3D, l’éternel retour
Écrit par Albert Moxhet   
Samedi, 06 Mars 2010 11:57

Depuis le spectaculaire lancement à l’échelle mondiale du film de James Cameron Avatar, il n’est plus question que des 3D – on dit maintenant la 3D – dans les milieux du cinéma et de la TV, qui semblent y faire découvrir les derniers progrès, la dernière nouveauté.

Et pourtant, c’est une bien vieille histoire.

Donner et surtout faire percevoir l’impression du relief n’a rien de nouveau, il suffit de penser aux peintures en trompe-l’œil de l’époque baroque, par exemple celles du Frère Pozzo à Rome.

L’invention de la photographie, dans la première moitié du XIXe siècle, permit très rapidement – vers 1850 – d’approfondir les recherches sur la perception du relief avec les vues stéréosopiques : deux photographies décalées de quelques centimètres, comme les yeux de l’être humain, et visionnées simultanément dans l’appareil adéquat, le stéréoscope, recréent l’impression de relief. Ce procédé resta jusque dans la seconde moitié du XXe siècle une attraction des luna-parks forains et eut, dans les années 1950-1960, un beau succès public avec le View-master qui, au moyen d’un disque présentant sept paires de petites diapositives en couleurs, proposait un vaste éventail principalement touristique, avec même des possibilités de prises de vues personnelles.

Dans le dernier quart du XIXe, cependant, dans notre région, une personnalité spadoise étonnante, le comte Albéric du Chastel de la Howarderie, photographe remarquable autant qu’acharné, réalisa d’excellents clichés stéréosopiques dont certains, pris au château de Franchimont, servirent, un siècle plus tard, à de précieuses comparaisons dans des études de stratigraphie faites par l’Université de Liège.

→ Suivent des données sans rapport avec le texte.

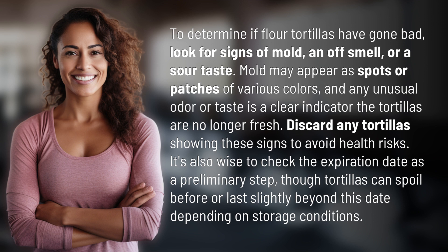It's also wise to check the expiration date as a preliminary step, though tortillas can spoil before or last slightly beyond this date depending on storage conditions.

Il existe aussi un autre système, l’anaglyphe, qui, par impression ou projection, restitue le relief par la superposition légèrement décalée d’images proposées respectivement en une de deux couleurs complémentaires, généralement le rouge et le vert, le tout étant observé à travers des lunettes comportant une de ces couleurs pour chaque œil. Louis Lumière s’y intéressa longuement et procéda, avant la Seconde Guerre mondiale, à des projections expérimentales en salle. En 1915 déjà, aux Etats-Unis, Edwin S. Porter, qui est entré dans l’histoire du cinéma avec The Great Train Robbery (1903), réalisa, avec son collègue William Waddell, un film en trois dimensions, Jim the Penman, apparemment resté inconnu en Europe en raison de la guerre. En recourant toujours aux lunettes bicolores puis polarisées, les chercheurs poursuivirent leurs travaux dans divers pays, l’Allemagne en 1938, les États-Unis l’année suivante, l’Angleterre en 1951, l’Italie également, tandis que, dès 1945, les Soviétiques exploitèrent, avec un long métrage jamais exporté, Robinson Crusoë, un procédé collectif, le système Ivanow, ou Stéréokino, utilisant une trame fixe devant l’écran, tandis que les Français expérimentaient notamment une grille rotative. Il n’en restait pas moins que, dans un cas, on trouvait les lunettes gênantes et assombrissant l’image, tandis que, dans l’autre, le relief n’était perceptible que sous un angle limité réclamant du spectateur une immobilité presque totale.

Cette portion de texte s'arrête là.